$3m boost for stem-cell researchers
Singapore's push into stem-cell research has been boosted by $3 million in funding for seven projects here.
The researchers involved come from universities, hospitals or research institutes. They work in areas ranging from controlling how stem cells transform in the zebrafish to coaxing them to become insulin-secreting cells.
Now, funded by the Juvenile Diabetes Research Foundation International and the Agency for Science, Technology and Research's (A*Star) Biomedical Research Council, their work could one day change the lives of people suffering from diabetes and neural disorders.
Take the group headed by Nanyang Technological University's Associate Professor Peter Droge, which is working on how to genetically modify human embryonic stem cells to make them safe for treatments.
Embryonic stem cells are unprogrammed cells that can turn into any body cell, so they have the potential to treat many illnesses.
In gene therapy, the corrected gene is generally placed into the body's genetic make-up in a random way. That could lead to defects like cancer.
'What we're trying to do is to develop a method to integrate a gene into a specific part of the body's genetic code, so the proper function is generated,' he explained.
Some scientists have earmarked diabetes as one of the first diseases to be tackled by stem-cell therapy, through transforming stem cells into made-in-the-lab islet cells.
Islet cells, found in the pancreas, make the insulin that the body needs to use glucose sugar as energy. Diabetic patients either cannot produce enough of them, or their cells do not work the way they should.
Convinced that Singapore had taken the lead in stem-cell research, the foundation pledged last year to pump millions into such research here, its first large-scale collaboration in Asia.
It signed an agreement with the research council to pump $5.2 million, with each organisation contributing half the amount.
'We are hopeful that the seven research projects chosen will contribute to the understanding and management of diabetes and neurodegenerative diseases like Parkinson's disease,' said Associate Professor Kong Hwai Loong, the council's executive director.
Projects will be awarded between $200,000 and $700,000.

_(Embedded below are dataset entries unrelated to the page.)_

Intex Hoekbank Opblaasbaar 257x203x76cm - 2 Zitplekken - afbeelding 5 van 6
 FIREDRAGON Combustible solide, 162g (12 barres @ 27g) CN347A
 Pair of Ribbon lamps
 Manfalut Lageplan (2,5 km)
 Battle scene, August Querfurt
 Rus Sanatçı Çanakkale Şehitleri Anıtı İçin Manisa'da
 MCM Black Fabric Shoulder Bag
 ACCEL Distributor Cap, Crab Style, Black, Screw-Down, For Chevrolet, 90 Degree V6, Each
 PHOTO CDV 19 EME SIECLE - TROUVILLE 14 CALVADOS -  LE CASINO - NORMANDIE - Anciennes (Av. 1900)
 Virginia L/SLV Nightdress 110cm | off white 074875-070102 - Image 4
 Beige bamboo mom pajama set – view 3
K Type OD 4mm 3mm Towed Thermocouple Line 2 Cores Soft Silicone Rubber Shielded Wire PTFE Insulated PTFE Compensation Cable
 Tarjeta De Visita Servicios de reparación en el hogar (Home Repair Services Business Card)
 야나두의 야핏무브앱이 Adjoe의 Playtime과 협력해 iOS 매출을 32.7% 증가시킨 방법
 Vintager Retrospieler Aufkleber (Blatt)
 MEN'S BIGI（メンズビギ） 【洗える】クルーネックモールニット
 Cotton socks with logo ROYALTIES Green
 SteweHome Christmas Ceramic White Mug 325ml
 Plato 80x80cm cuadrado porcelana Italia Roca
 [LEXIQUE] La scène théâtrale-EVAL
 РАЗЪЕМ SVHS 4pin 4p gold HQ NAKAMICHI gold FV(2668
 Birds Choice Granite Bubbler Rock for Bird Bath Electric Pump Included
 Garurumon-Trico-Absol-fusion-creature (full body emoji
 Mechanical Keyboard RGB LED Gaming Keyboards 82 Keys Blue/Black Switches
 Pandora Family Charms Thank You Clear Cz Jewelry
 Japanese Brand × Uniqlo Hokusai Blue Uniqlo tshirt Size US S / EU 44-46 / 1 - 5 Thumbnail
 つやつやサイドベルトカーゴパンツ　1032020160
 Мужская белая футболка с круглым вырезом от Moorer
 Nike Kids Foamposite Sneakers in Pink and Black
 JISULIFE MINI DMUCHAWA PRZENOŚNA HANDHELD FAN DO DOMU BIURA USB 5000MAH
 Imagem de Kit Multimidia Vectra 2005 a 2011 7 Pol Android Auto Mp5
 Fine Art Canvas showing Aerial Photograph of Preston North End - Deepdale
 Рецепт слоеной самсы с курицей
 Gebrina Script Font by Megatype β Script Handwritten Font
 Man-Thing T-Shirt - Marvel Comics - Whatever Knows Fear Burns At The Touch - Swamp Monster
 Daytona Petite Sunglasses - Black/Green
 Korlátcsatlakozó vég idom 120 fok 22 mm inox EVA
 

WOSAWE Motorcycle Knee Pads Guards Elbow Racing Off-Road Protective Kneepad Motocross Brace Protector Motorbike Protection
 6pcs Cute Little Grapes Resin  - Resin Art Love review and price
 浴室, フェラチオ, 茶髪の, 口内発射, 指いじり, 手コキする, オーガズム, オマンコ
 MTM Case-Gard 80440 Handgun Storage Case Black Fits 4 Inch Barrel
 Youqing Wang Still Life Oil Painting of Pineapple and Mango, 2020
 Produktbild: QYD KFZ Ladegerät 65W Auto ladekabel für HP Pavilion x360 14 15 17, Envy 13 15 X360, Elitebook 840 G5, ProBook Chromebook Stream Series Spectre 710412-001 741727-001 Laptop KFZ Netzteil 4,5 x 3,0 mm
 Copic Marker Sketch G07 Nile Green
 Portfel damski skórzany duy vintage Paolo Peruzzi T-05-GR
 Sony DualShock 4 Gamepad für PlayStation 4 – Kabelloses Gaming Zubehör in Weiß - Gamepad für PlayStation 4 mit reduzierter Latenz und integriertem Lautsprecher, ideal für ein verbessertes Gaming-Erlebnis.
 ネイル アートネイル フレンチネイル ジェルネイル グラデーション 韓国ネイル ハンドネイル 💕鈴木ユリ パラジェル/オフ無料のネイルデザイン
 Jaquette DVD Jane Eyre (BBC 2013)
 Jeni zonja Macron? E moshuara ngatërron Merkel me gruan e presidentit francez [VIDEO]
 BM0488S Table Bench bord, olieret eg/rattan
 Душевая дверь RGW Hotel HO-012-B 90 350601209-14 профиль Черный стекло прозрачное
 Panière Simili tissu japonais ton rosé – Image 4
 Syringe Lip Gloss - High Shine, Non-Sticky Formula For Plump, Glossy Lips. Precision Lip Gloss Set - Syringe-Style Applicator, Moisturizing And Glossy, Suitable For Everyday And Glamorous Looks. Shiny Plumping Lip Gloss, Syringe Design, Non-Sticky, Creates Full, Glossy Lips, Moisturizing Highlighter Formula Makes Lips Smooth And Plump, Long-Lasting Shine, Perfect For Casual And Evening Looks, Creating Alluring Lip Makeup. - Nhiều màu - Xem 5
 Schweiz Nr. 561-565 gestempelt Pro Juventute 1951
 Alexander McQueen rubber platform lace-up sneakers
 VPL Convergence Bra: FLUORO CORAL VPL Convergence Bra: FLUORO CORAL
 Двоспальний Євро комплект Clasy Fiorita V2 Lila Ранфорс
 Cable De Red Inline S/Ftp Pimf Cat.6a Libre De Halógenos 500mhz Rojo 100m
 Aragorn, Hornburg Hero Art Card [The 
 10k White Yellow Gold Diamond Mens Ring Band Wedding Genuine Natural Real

One of them is headed by Dr Philippe Taupin, who runs his own laboratory at the National Neuroscience Institute.
He discovered a protein molecule that lets an undifferentiated brain cell act like a stem cell in a culture dish - a world first.
His work involves identifying markers which can sort out stem cells from the other cells in the brain, and to identify the potential and uses of these cells.
Such research could one day help people who have suffered brain damage from injury or Alzheimer's or Parkinson's patients.
Not all the funding is for stem-cell research.
Rather than using stem cells to treat diabetes, a team headed by Dr Kon Oi Lian, the National Cancer Centre's director of medical sciences, is working on making a diabetic person's liver cells produce the insulin that the faulty pancreas cannot.
Liver cells don't normally produce insulin.